— Supplied material —
⟨

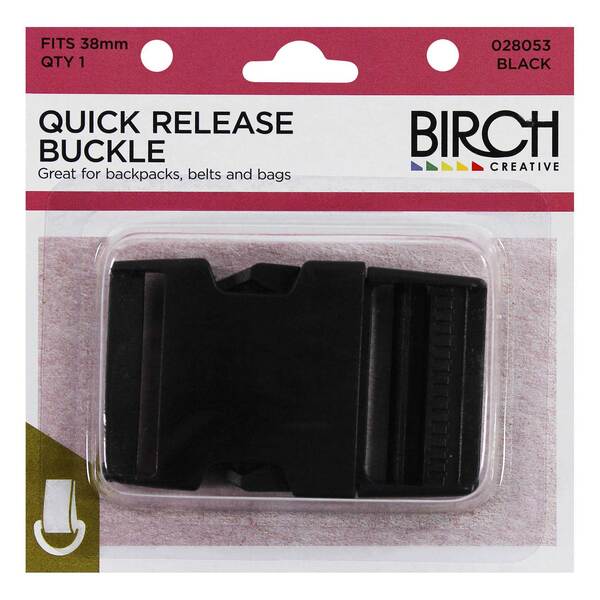 BIRCH Quick Release Buckle Black Black Plastic 38mm (1-1 2") / Mollies New Zealand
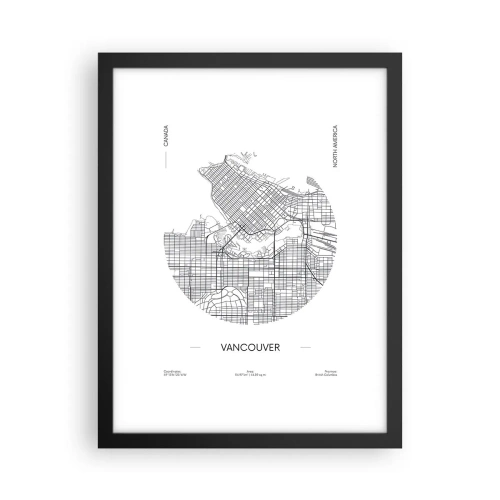 Affiche dans un cadre noir - Poster - Anatomie de Vancouver - 30x40 cm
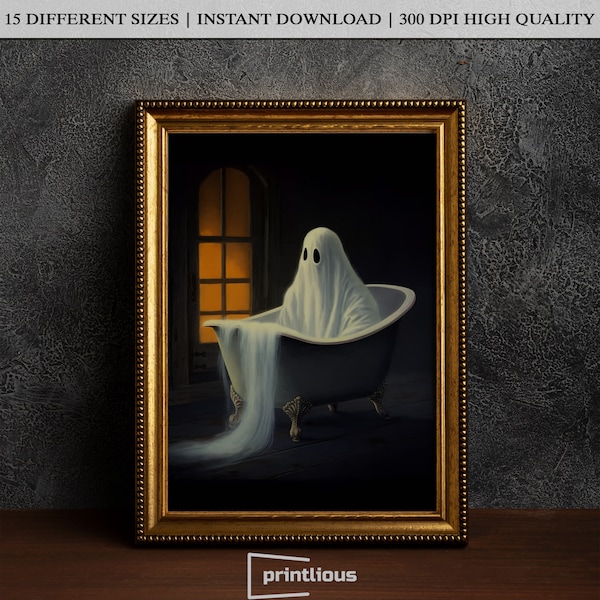 Ghost in the Bathtub , Halloween Digital Print , Halloween Ghost Painting , Halloween Poster , Halloween Wall Art , Dark Academia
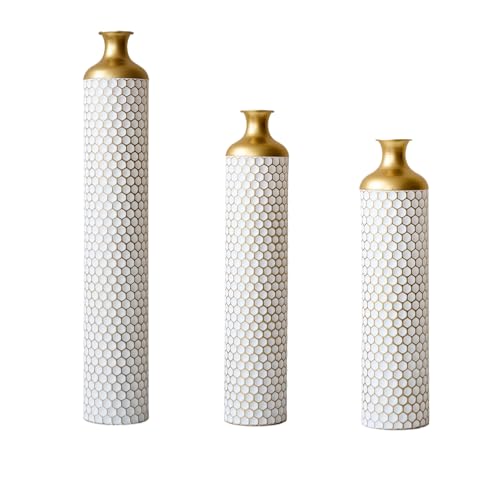 Metal Floor Vases Decorative, Set of 3 Flower Arrangement Stand, Tall White＆Gold Metal Floor Vases for Living Room, Bedroom & Entryway, 33.4", 28.74", 24.4" H (Gold＆White2) - color: Gold＆white2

⟩

Quote the data above in full and without alteration; skip the pictures.

— Exercise response —
 BIRCH Quick Release Buckle Black Black Plastic 38mm (1-1 2") / Mollies New Zealand
 Affiche dans un cadre noir - Poster - Anatomie de Vancouver - 30x40 cm
 Ghost in the Bathtub , Halloween Digital Print , Halloween Ghost Painting , Halloween Poster , Halloween Wall Art , Dark Academia
 Metal Floor Vases Decorative, Set of 3 Flower Arrangement Stand, Tall White＆Gold Metal Floor Vases for Living Room, Bedroom & Entryway, 33.4", 28.74", 24.4" H (Gold＆White2) - color: Gold＆white2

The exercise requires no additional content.